Geografia fisica e umana

Il Geoparco corrisponde al Parco Nazionale della Majella, che si estende per 740 km2. nell’Appennino centrale (Italia) comprende tra altri 2 parchi nazionali. È costituito prevalentemente da rilievi carbonatici separati da valli e altipiani carsici e presenta un ampio range altitudinale (130–2793 m.s.l.m.). Il Massiccio della Majella ha più di sessanta vette, la metà delle quali supera i 2000 m, come il Monte. Amaro (2793 m) la seconda vetta più alta dell’Appennino. Le altre montagne sono: Morrone, Porrara, Rotella, Pizzalto, Pizziand Secinemts.
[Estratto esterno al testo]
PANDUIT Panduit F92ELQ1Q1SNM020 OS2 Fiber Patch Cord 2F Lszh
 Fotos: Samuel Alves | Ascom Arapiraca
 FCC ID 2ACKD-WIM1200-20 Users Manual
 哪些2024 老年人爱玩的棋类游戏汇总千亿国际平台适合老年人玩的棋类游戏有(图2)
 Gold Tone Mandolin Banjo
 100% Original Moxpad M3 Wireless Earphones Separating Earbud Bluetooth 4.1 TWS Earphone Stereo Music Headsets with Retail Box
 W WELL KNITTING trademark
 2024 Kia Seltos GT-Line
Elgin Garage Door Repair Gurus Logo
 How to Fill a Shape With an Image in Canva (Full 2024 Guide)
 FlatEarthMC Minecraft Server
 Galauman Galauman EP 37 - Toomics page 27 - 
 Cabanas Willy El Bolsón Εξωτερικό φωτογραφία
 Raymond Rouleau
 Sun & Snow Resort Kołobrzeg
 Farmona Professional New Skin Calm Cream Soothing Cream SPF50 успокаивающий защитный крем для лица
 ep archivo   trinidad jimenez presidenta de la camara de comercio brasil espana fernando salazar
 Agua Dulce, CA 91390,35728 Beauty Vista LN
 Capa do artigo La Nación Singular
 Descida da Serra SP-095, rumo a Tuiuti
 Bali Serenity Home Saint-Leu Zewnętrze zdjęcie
I principali corsi d’acqua sono: i fiumi Orta, Orfento, Gizio e Vella (bacino del Pescara); i fiumi Aventino e Verde (SangroRiver bacino); il Foro e l’Alento. La Majella orientale è scavata da una serie di canyon, tra i più lunghi d’Italia, come la Val Mandrelle-Santo Spirito e la Val Taranta. Degni di nota sono i cosiddetti “quarti” (cioè Quarto Santa Chiara), altipiani carsici che si estendono verso sud-ovest a quota 1250 m. Piccoli e pochi, ma importanti per la fauna, sono i corpi idrici perenni: i laghi Ticino, Battista e Pietra Cernaia. L’aspirante Geoparco è caratterizzato da un clima tipico di montagna e di alta montagna con abbondanti nevicate. L’autunno è la stagione più stabile grazie al vicino mare Adriatico (appena 30 km) .39 sono i comuni, 4 dei quali hanno il loro centro storico all’interno dell’aspirante Geoparco. La popolazione residente stimata è di circa 25.300 abitanti.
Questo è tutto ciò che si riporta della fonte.